Mondo Technology Updated on 2024-01-31

Hello everyone, I'm Xiaofei, and today I'll talk about the batch installation.

The previous description describes how to build a complete monitoring and alerting platform with Prometheus + Grafana + AlertManager + Prometheus-Webhook.

Check out the previous 4 articles:

Best Practices for Setting Up IT Monitoring and Alerting for Prometheus + Grafana (1)Best Practices for Setting Up IT Monitoring and Alerting for Prometheus + Grafana (2)Best Practices for Setting Up IT Monitoring and Alerting for Prometheus + Grafana (3)Best Practices for Setting Up IT Monitoring and Alerting for Prometheus + Grafana (4).

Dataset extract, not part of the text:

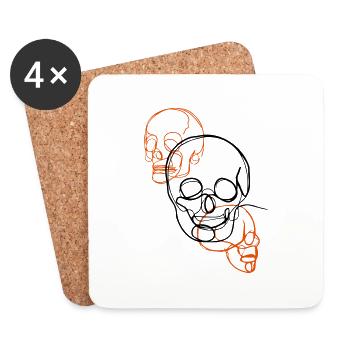 Skulls - Coasters (set of 4) - white - Front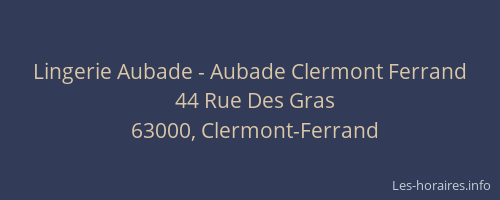 Lingerie Aubade - Aubade Clermont Ferrand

Today, let's explain that node exporter is installed on all 400 machines in batches to collect monitoring information of 400 virtual machines.

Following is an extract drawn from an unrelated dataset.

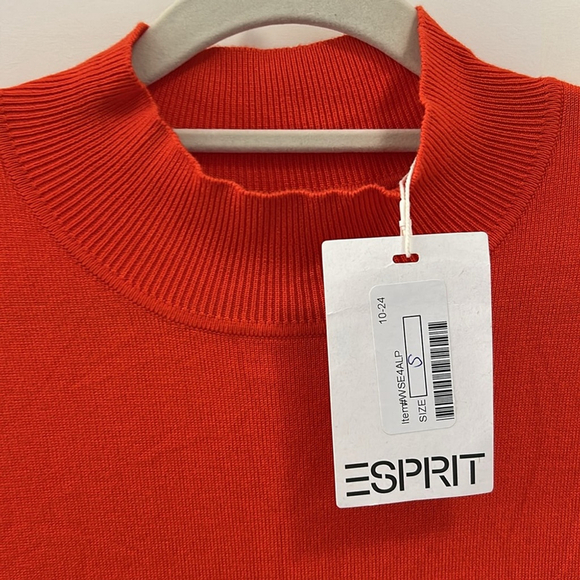 ESPRIT Elegant Orange Long Sleeve Sweater Dress NWT - Picture 6 of 11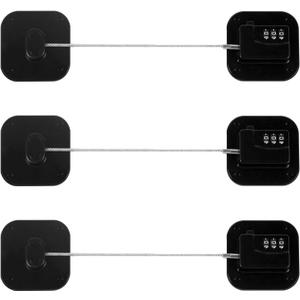 Refrigerator Lock, Heavy Duty Fridge Lock, Combination Lock for Refrigerator Cabinets, Drawers, Safety Lock, Easy Install No Keys Needed (Black-3Pack)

Under this description, I wanted to use Ansible to install in batches, but because Ansible needs to configure the hosts file, and there are a lot of hosts, the user password login of SSH is troublesome, and the user password on each machine needs to be configured to log in with a key, and the internal use of jumpserver as an internal bastion host to control all machines, so I want to directly use the Ansible batch installation that comes with jumpserver, and Ansible is centralized in jumpserver, and there is a batch command function in the web interface, so you can directly use batch command installation。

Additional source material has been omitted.